*TASK TO CARRY OUT*
Exactly and in full, give the records again.
========================================================================
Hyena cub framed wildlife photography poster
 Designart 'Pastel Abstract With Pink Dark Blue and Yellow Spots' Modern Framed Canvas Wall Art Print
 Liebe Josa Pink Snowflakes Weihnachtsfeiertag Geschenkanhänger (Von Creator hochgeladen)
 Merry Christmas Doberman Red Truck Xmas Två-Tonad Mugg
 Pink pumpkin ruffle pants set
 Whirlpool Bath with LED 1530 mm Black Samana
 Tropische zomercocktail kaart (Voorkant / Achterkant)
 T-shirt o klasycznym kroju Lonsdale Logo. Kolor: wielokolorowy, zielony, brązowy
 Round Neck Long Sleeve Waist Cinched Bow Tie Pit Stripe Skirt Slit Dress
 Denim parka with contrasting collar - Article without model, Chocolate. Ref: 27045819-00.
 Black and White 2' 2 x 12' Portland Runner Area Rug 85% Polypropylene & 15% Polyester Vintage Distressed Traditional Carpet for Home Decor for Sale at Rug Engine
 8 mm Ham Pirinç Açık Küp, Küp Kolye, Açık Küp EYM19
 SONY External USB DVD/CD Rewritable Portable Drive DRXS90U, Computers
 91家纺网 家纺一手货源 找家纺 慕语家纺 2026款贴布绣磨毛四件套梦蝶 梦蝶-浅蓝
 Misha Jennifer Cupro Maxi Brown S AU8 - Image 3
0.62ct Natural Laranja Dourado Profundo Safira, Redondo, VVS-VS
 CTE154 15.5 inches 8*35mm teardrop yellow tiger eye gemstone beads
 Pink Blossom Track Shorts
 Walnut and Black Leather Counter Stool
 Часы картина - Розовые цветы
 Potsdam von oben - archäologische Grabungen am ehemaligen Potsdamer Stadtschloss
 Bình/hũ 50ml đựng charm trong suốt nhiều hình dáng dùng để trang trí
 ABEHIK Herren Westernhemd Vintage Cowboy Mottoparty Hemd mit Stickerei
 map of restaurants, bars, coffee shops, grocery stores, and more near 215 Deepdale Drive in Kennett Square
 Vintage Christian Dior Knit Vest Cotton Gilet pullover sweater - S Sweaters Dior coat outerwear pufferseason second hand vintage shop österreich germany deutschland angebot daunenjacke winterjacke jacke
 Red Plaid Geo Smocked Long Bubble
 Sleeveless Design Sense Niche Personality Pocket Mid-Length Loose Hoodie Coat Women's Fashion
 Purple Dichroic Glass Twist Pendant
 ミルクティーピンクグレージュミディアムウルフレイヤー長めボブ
========================================================================
*TASK SOLUTION*
Hyena cub framed wildlife photography poster
 Designart 'Pastel Abstract With Pink Dark Blue and Yellow Spots' Modern Framed Canvas Wall Art Print
 Liebe Josa Pink Snowflakes Weihnachtsfeiertag Geschenkanhänger (Von Creator hochgeladen)
 Merry Christmas Doberman Red Truck Xmas Två-Tonad Mugg
 Pink pumpkin ruffle pants set
 Whirlpool Bath with LED 1530 mm Black Samana
 Tropische zomercocktail kaart (Voorkant / Achterkant)
 T-shirt o klasycznym kroju Lonsdale Logo. Kolor: wielokolorowy, zielony, brązowy
 Round Neck Long Sleeve Waist Cinched Bow Tie Pit Stripe Skirt Slit Dress
 Denim parka with contrasting collar - Article without model, Chocolate. Ref: 27045819-00.
 Black and White 2' 2 x 12' Portland Runner Area Rug 85% Polypropylene & 15% Polyester Vintage Distressed Traditional Carpet for Home Decor for Sale at Rug Engine
 8 mm Ham Pirinç Açık Küp, Küp Kolye, Açık Küp EYM19
 SONY External USB DVD/CD Rewritable Portable Drive DRXS90U, Computers
 91家纺网 家纺一手货源 找家纺 慕语家纺 2026款贴布绣磨毛四件套梦蝶 梦蝶-浅蓝
 Misha Jennifer Cupro Maxi Brown S AU8 - Image 3
0.62ct Natural Laranja Dourado Profundo Safira, Redondo, VVS-VS
 CTE154 15.5 inches 8*35mm teardrop yellow tiger eye gemstone beads
 Pink Blossom Track Shorts
 Walnut and Black Leather Counter Stool
 Часы картина - Розовые цветы
 Potsdam von oben - archäologische Grabungen am ehemaligen Potsdamer Stadtschloss
 Bình/hũ 50ml đựng charm trong suốt nhiều hình dáng dùng để trang trí
 ABEHIK Herren Westernhemd Vintage Cowboy Mottoparty Hemd mit Stickerei
 map of restaurants, bars, coffee shops, grocery stores, and more near 215 Deepdale Drive in Kennett Square
 Vintage Christian Dior Knit Vest Cotton Gilet pullover sweater - S Sweaters Dior coat outerwear pufferseason second hand vintage shop österreich germany deutschland angebot daunenjacke winterjacke jacke
 Red Plaid Geo Smocked Long Bubble
 Sleeveless Design Sense Niche Personality Pocket Mid-Length Loose Hoodie Coat Women's Fashion
 Purple Dichroic Glass Twist Pendant
 ミルクティーピンクグレージュミディアムウルフレイヤー長めボブ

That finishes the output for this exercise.